▶ **Work item**
An exact copy of the lines of the listing below between the "Pygmy Hippo Isolated Blanket, Pygmy" line and the "震惊!一只超可爱的蓝白猫只需要多少钱~哔哩哔哩bilibili" line, both included, is the whole answer; please omit the pictures.

▶ **Exercise input**
────

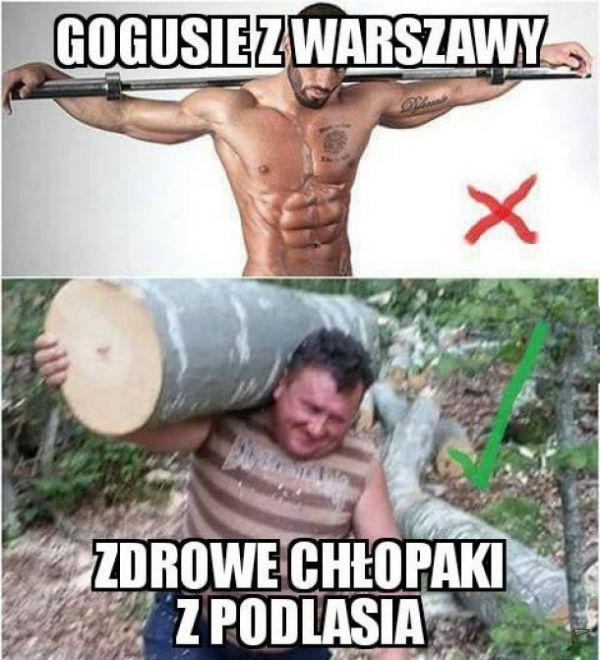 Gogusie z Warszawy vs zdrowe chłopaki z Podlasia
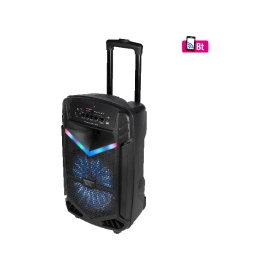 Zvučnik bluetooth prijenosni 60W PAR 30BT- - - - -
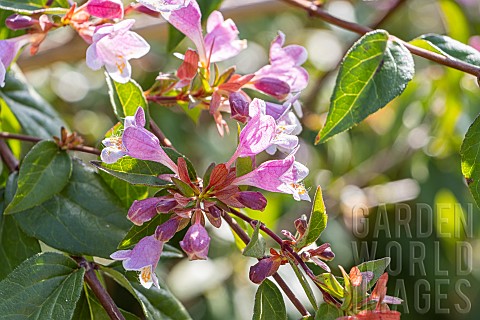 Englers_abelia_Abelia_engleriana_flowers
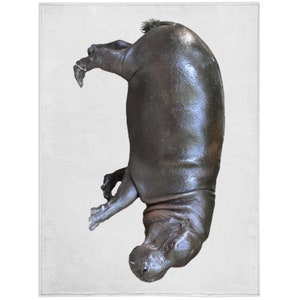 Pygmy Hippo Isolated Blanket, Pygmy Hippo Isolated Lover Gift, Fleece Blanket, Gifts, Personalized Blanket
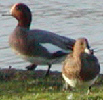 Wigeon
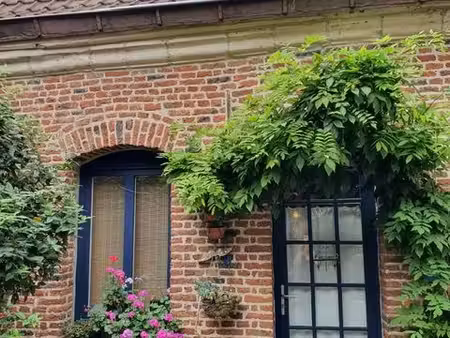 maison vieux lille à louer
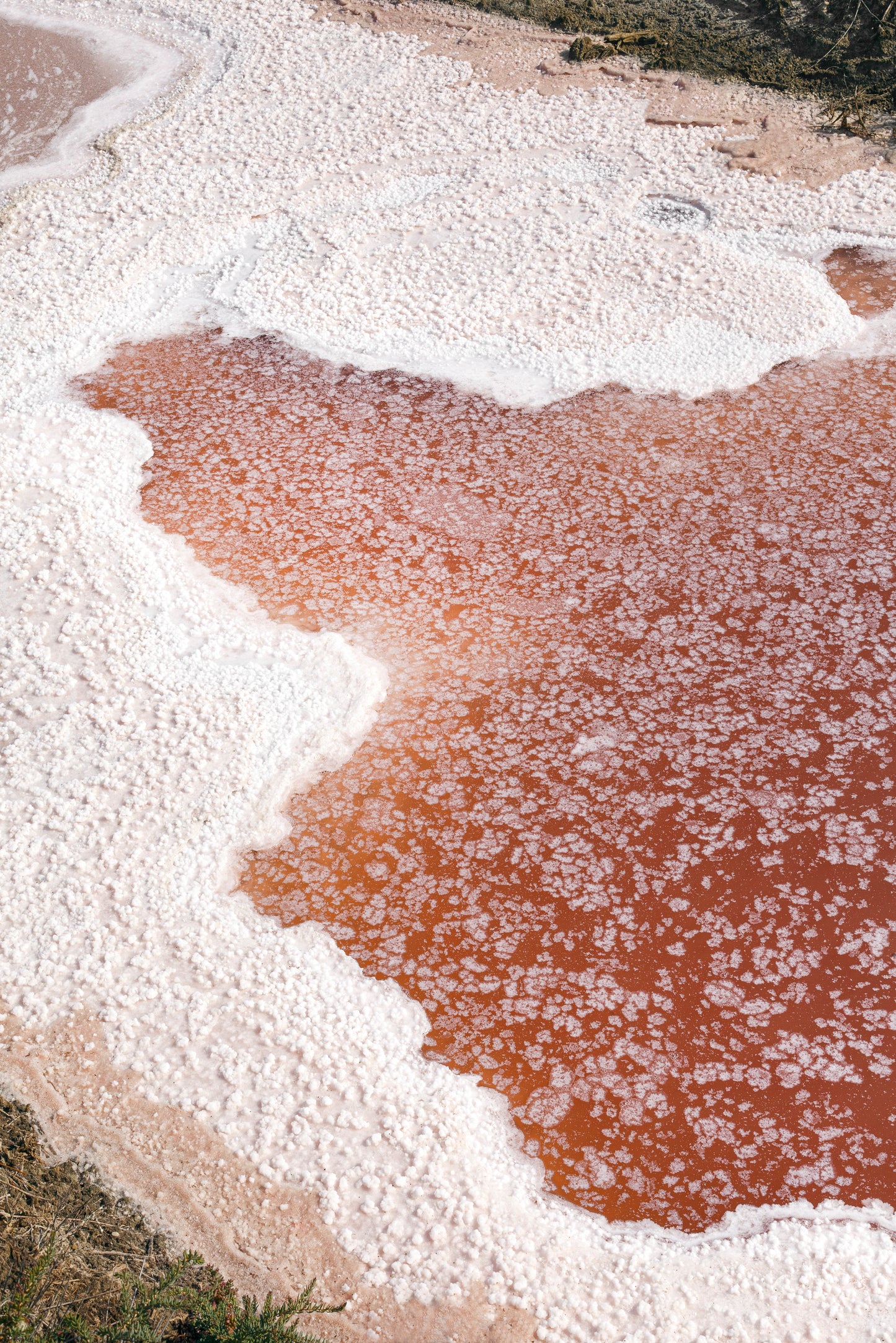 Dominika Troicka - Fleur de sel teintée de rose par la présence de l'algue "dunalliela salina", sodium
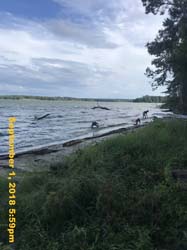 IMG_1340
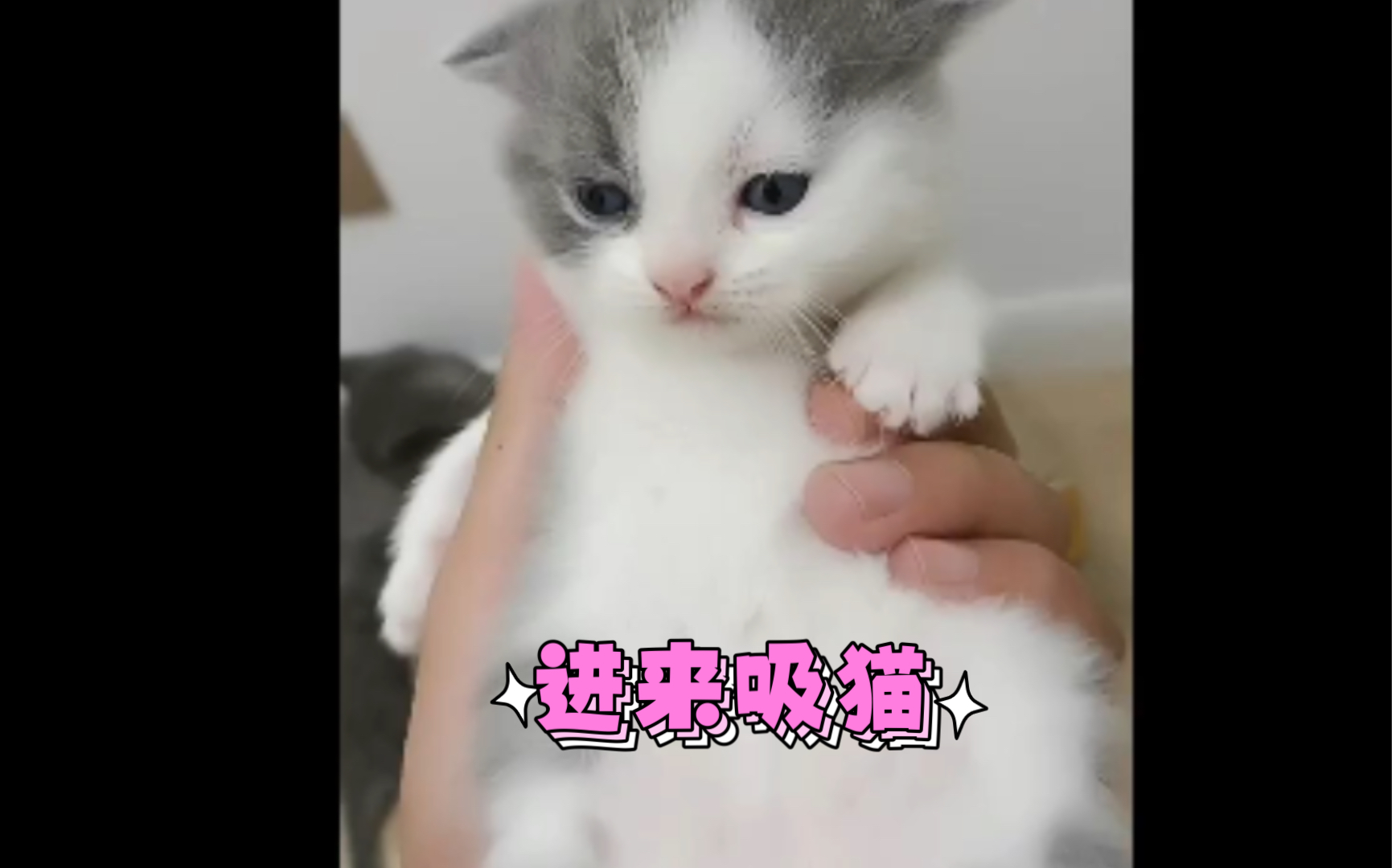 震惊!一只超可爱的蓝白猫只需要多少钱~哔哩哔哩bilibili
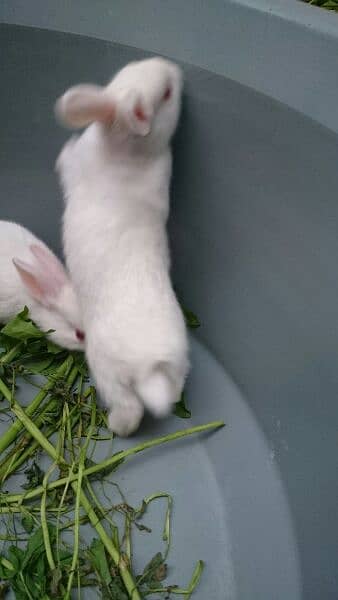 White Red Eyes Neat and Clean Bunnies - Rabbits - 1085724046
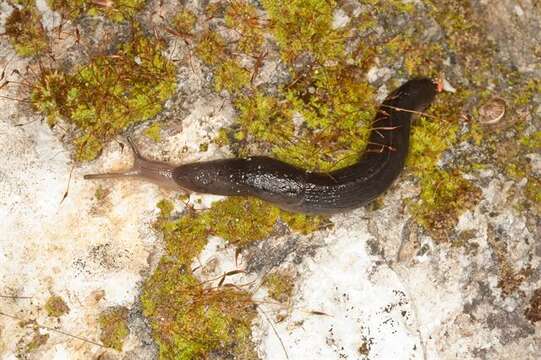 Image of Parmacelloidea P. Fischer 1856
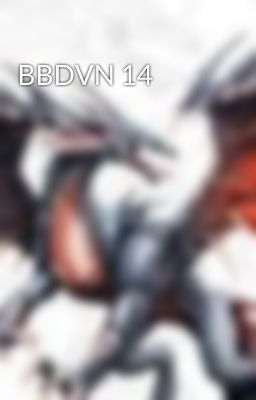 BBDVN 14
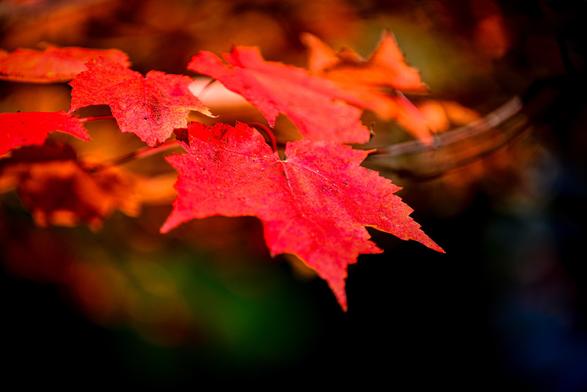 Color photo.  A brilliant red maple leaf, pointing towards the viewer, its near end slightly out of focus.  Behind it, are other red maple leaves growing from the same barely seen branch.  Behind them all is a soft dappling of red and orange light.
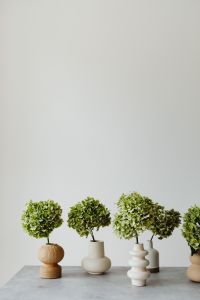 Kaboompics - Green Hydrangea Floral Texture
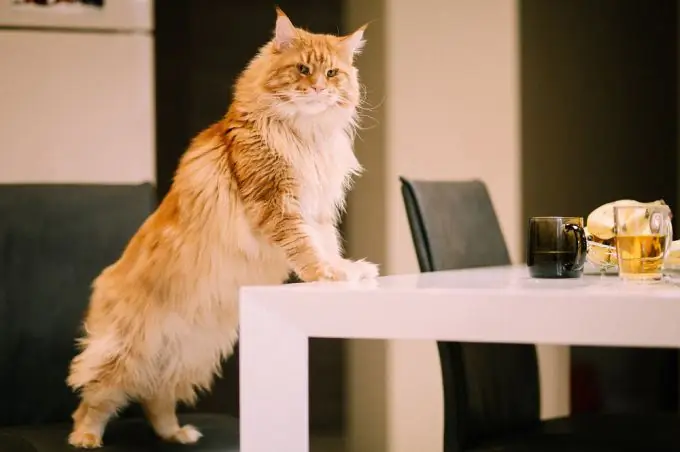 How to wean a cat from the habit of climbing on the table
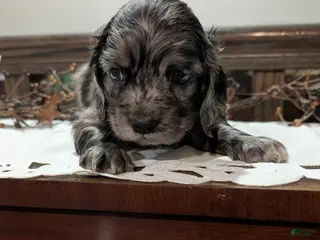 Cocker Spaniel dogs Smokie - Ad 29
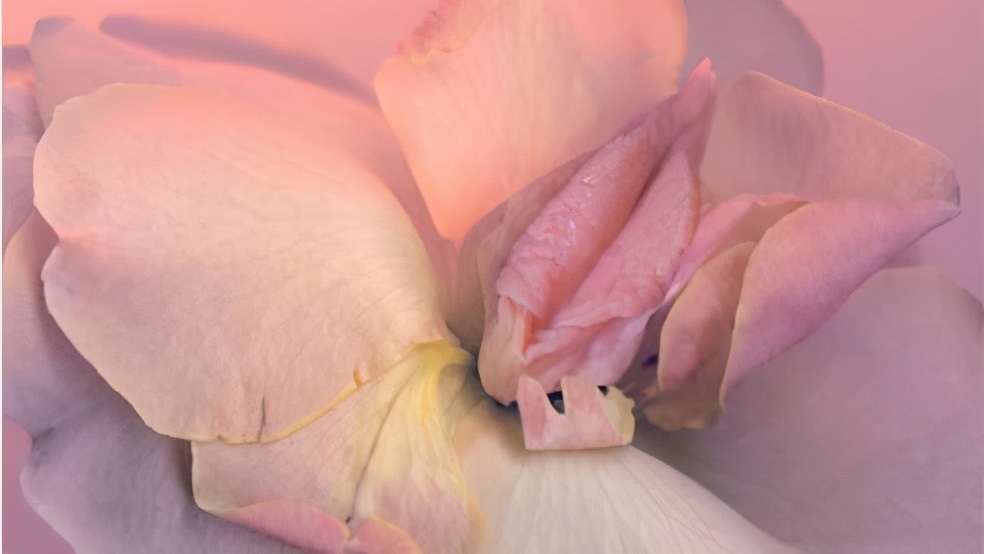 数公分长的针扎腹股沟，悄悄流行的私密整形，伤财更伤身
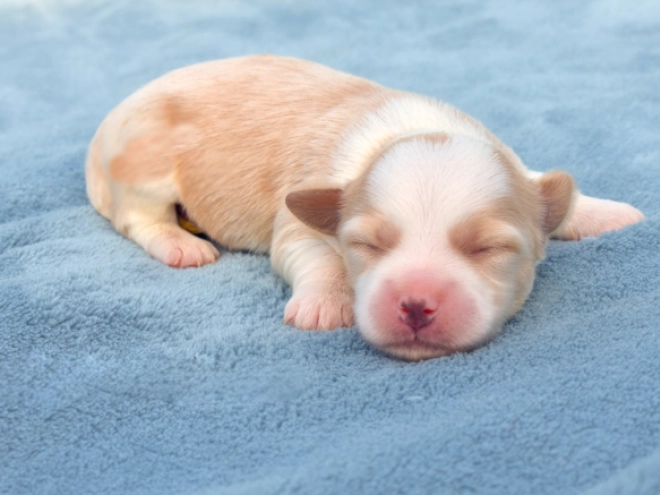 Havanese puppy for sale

────

▶ **Task answer**
 Pygmy Hippo Isolated Blanket, Pygmy Hippo Isolated Lover Gift, Fleece Blanket, Gifts, Personalized Blanket
 Wigeon
 maison vieux lille à louer
 Dominika Troicka - Fleur de sel teintée de rose par la présence de l'algue "dunalliela salina", sodium
 IMG_1340
 震惊!一只超可爱的蓝白猫只需要多少钱~哔哩哔哩bilibili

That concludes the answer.